How climate change will overturn force majeure clauses in renewable energy contracts

Hannetjie Marais, legal advisor at Inlexso.
Hannetjie Marais, legal advisor at Inlexso.

Traditionally, force majeure clauses in business contracts cover businesses against failure to deliver on their contractual obligations when an extraordinary event that is unforeseeable and beyond their control takes place.

Currently, some contractual parties pay little attention to the clause, using it in standard, boilerplate formats of either all-in clauses covering almost any “act of God” or lists that include several adverse eventualities like hurricanes, wars and terrorist attacks. But climate change and the many unexpected weather patterns it is bringing about globally means that force majeure clauses should not only include destructive weather-related events like floods and storms.
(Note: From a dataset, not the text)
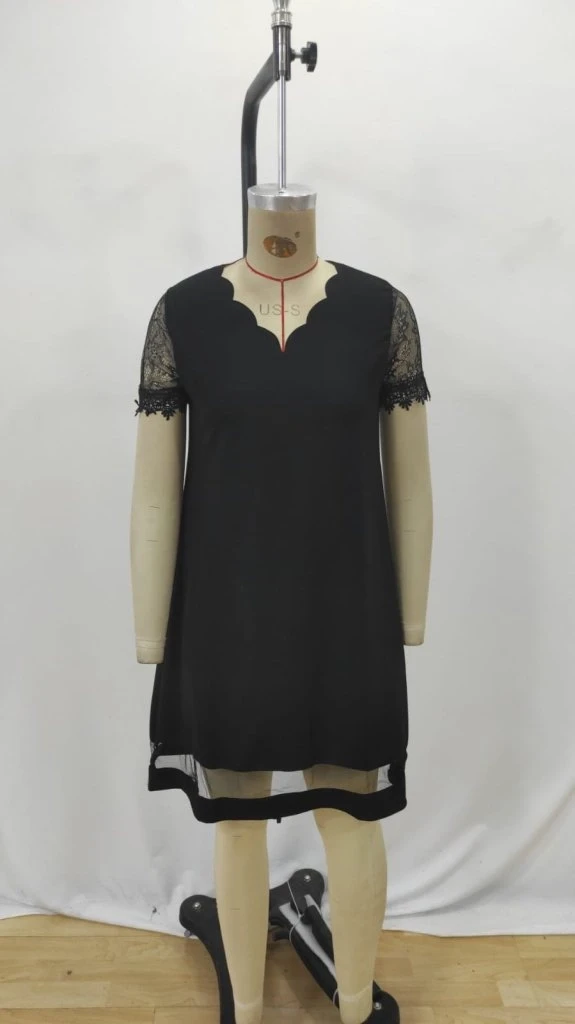 Lazer V Yakalı Etek Ucu Tül Detaylı Krep Elbise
Legal advisors must also provide for the lack of weather conditions like wind or sunshine that could significantly affect the quality and quantity of natural resources that fuel the production of renewable energy. “The best route to take is to draft a force majeure clause that encompasses weather conditions that could affect the expected performance of a renewable energy facility,” says Hannetjie Marais, legal advisor at Inlexso.
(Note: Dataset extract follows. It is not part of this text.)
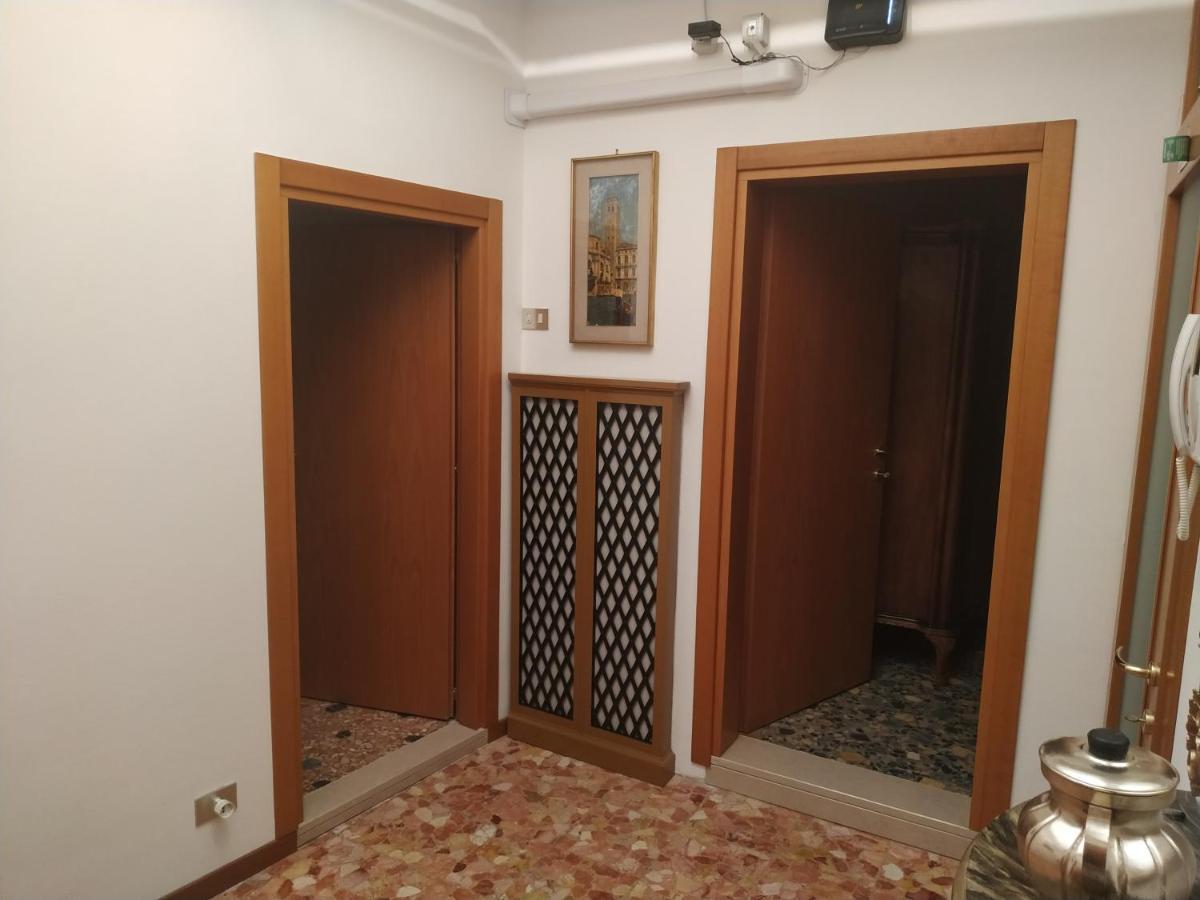Guizzo Apartment Venezia Eksteriør bilde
Companies that own renewable projects typically undertake financial modelling for their projects in the development phase. The model covers all the stages of the project – from inception to decommissioning – and considers factors like historical weather data and the technology that is used.

“The objective is to get a full picture of what the total revenue of the facility will be over its lifetime. But because of climate change, businesses can no longer rely on historical weather information such as wind data to help develop an accurate financial model. We are seeing significantly less windy conditions in some geographical areas, which affects the production of wind energy.”

Some wind farms in the Eastern Cape have experienced their worst operating periods in the past two years due to lower wind availability. They are unable to harvest enough wind to meet their production targets, with the result that they deliver less wind energy to their clients.

“We have always been concerned about adverse weather events such as flooding, tornadoes and earthquakes,” says Marais. “But business performance is evidently also being affected by the absence of certain weather conditions which have never been catered for in force majeure contracts before.”

“In future, lawyers will have to be pro-active and diligent in envisaging what the potential impact of climate change will be on renewable energy projects and their production – and draft force majeure clauses accordingly.”

It follows that businesses and sectors that use and rely on renewable energy could also be affected by adverse weather conditions, including the mining, manufacturing, industrial and agriculture sectors.

“Any weather anomaly can have a disastrous impact on renewable energy facilities. Flooding can prevent access to facilities or completely submerge the facilities, and seismic activity could disturb the delicate balance of wind turbine facilities,” says Marais. “Geographical location is now a much bigger factor in deciding which renewable energy sources and technologies businesses opt for.”

Defending force majeure clauses in court

When a force majeure clause is worded correctly, for example by defining an event as an act of God or a weather event caused by climate change, the clause can be defended in a court of law or in front of a legal tribunal. This is because the signatories to the contract have agreed, by signing the contract, that climate change is not foreseeable.

“I think it is unavoidable that we will have to take this to court sooner or later,” says Marais. “There will be disputes where one party needs to prove that a weather event was caused or is linked to climate change. Some might be upset if the traditional view of force majeure is overturned, but this will be a development of our legal system.”

Marais says that there is not yet a local and international legal precedent for the enforcement of force majeure clauses covering unexpected weather patterns related to climate change. International case law is only beginning to address the matter, with most of the case law emanating from the United States. International rulings are relevant to South Africa in the sense that the country refers to English case law rulings in some areas like construction law.

Pro-actively addressing risk       

There needs to be a greater awareness that climate change and new weather patterns are increasingly having an impact on businesses. “We have to act now and put provisions, clauses and systems in place that will protect our clients in various business sectors for the next 20 years,” says Marais.

“Businesses typically enter long-term contracts, which implies that you have one chance to protect the business against the risks it will face in the course of its activities. In the worst-case scenario, a business needs to be protected against not meeting its debt coverage ratios and its loan being called up by its financial institution as a result. It is prudent to follow a new way of thinking and be pro-active in protecting your enterprise instead of waiting for disruptive or damaging events to occur. Climate change is affecting us here and now.”